- **WHAT YOU SHOULD DO**:
Each entry below should be reproduced character for character.

- **RECORD EXCERPTS**:
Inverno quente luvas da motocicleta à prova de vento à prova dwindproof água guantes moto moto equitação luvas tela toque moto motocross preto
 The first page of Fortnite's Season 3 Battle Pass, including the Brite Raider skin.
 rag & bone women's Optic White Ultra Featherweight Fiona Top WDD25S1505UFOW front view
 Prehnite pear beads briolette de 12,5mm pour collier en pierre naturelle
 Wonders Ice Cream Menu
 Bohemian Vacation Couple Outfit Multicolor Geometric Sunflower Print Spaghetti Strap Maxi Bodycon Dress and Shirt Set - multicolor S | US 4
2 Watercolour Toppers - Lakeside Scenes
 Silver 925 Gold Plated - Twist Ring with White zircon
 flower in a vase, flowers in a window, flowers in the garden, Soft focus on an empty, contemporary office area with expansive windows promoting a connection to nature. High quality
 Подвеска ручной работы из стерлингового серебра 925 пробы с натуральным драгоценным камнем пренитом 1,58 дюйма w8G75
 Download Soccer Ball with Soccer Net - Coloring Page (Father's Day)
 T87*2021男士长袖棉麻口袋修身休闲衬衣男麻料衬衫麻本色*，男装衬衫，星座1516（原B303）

- **RESPONSE TO THIS EXERCISE**:
Inverno quente luvas da motocicleta à prova de vento à prova dwindproof água guantes moto moto equitação luvas tela toque moto motocross preto
 The first page of Fortnite's Season 3 Battle Pass, including the Brite Raider skin.
 rag & bone women's Optic White Ultra Featherweight Fiona Top WDD25S1505UFOW front view
 Prehnite pear beads briolette de 12,5mm pour collier en pierre naturelle
 Wonders Ice Cream Menu
 Bohemian Vacation Couple Outfit Multicolor Geometric Sunflower Print Spaghetti Strap Maxi Bodycon Dress and Shirt Set - multicolor S | US 4
2 Watercolour Toppers - Lakeside Scenes
 Silver 925 Gold Plated - Twist Ring with White zircon
 flower in a vase, flowers in a window, flowers in the garden, Soft focus on an empty, contemporary office area with expansive windows promoting a connection to nature. High quality
 Подвеска ручной работы из стерлингового серебра 925 пробы с натуральным драгоценным камнем пренитом 1,58 дюйма w8G75
 Download Soccer Ball with Soccer Net - Coloring Page (Father's Day)
 T87*2021男士长袖棉麻口袋修身休闲衬衣男麻料衬衫麻本色*，男装衬衫，星座1516（原B303）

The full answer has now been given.